Durante un período de diecisiete años, el Woolworth Building ha estado mirando por encima del hombro a todos los otros rascacielos neoyorquinos.  Era el coloso, el gigante, el matón.  Cuando uno entraba por primera vez en el puerto de Nueva York, los compañeros de viaje se lo enseñaban a uno, muy orgullosos de mostrar su familiaridad con él.  Luego se hacía uno transportar a su observatorio, y desde allí, por la módica suma de cincuenta centavos, podía hacerse la ilusión de que dominaba por completo a la gran ciudad.

Nadie se atrevía con el Woolworth Building, cuya dictadura duró, como digo, diecisiete años, y el formidable armatoste empezaba ya a adquirir en el tiempo una importancia que sólo le correspondía en el espacio, y a presumir, como si dijéramos, de pirámide de Egipto, esto es, de cosa definitiva y eterna; pero lo que no ocurrió ni una vez en diecisiete años ha ocurrido tres veces en poco más de uno.  Primero fue el Manhattan Company Building, que, con sus 71 pisos, se elevó sobre el Woolworth.  Luego el Chrysler llegó a 77, y ahora acaba de inaugurarse el Empire con 85, sin contar los dos subterráneos ni los dieciséis de la torre.  Y he aquí cómo, de la noche a la mañana, ha sido puesto en ridículo el matón.  No ya cincuenta centavos.  Ni diez, que es el precio máximo a que vende sus mercancías la Compañía Woolworth– los Woolworth Stores equivalen aquí a nuestras tiendas de todo a sesenta y cinco–, daría hoy nadie por visitarlo.  En cambio, el Empire ha hecho cien mil dólares el domingo siguiente a su inauguración vendiendo a un dólar los billetes para subir a su observatorio.

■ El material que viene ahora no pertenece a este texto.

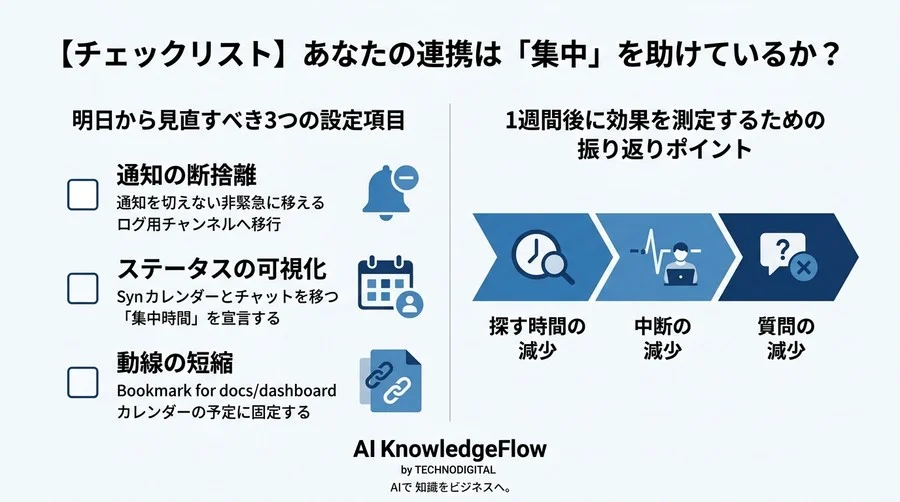 Slack・Google連携で通知ストレスは減るのか？集中力を守る業務効率化ツールの設計思想 - Conclusion Image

El Empire State Building se inauguró oficialmente el día 1 de mayo.  Desde su residencia en Washington, Mr. Hoover apretó un botoncito y toda la planta baja del rascacielos quedó profusamente iluminada.  Una cinta de ceda contenía en la calle a los invitados.  Con unas tijeras de acero cromoníquel, que es el metal de que está revestido el edificio, una niña de doce años, muy regordeta por cierto, cortó la cinta, y allá fue Jimmy Walker, el alcalde de Nueva York, tan chulo como siempre, y Al Smith, el contrincante de Hoover en las últimas elecciones presidenciales, que es el jefe de la compañía –en realidad, el Empire se ha construido para darle un sueldo y hacerle un anuncio a Al Smith–, y todos los notables de la ciudad.  Naturalmente, se habló de los grandes destinos a que está llamado Nueva York y de la torre Eiffel, ya sobrepasada, y por nada menos que 75 metros. La torre Eiffel era una espina que Nueva York tenía atravesada en la garganta, y si tarda un año más en arrancársela no sé lo que hubiera ocurrido.

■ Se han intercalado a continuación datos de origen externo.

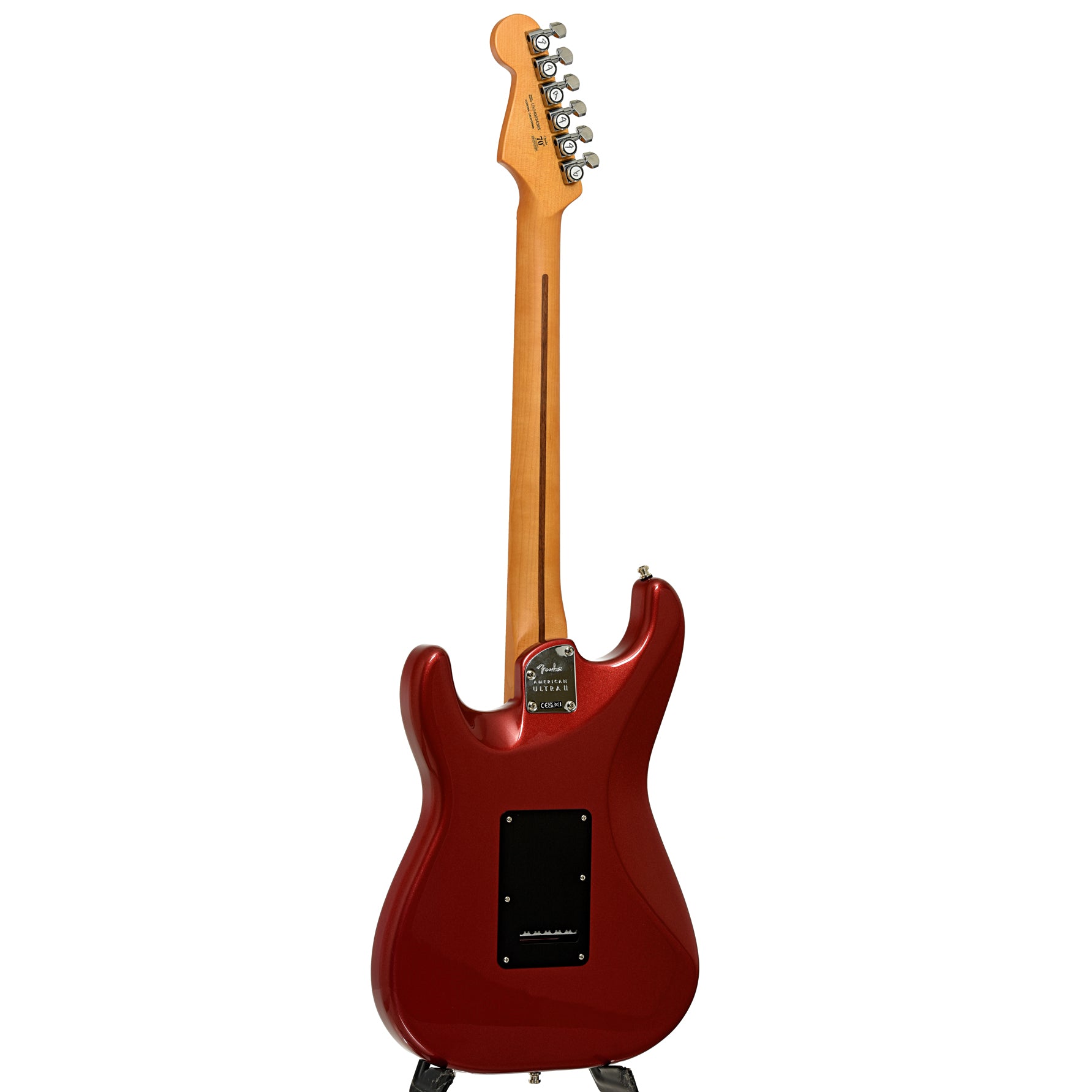 Full back and side of Fender American Ultra II Stratocaster Electric Guitar & Case, Sinister Red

Yo subí, claro está, al Empire State Building, y desde éo pude ver un espectáculo que no había podido ver desde el Chrysler: pude ver al Chrysler de arriba abajo, en su debida relación con los otros edificios de la ciudad.  Lo que no se ve desde el Empire, naturalmente, el el propio Empire.  No se ve desde el Empire ni desde ninguna otra parte. El Empire carece de perspectiva, y cuando se construya el próximo rascacielos de 100 pisos, allí me tendrán ustedes, no para ver ese rascacielos precisamente, sino para ver el rascacielos anterior.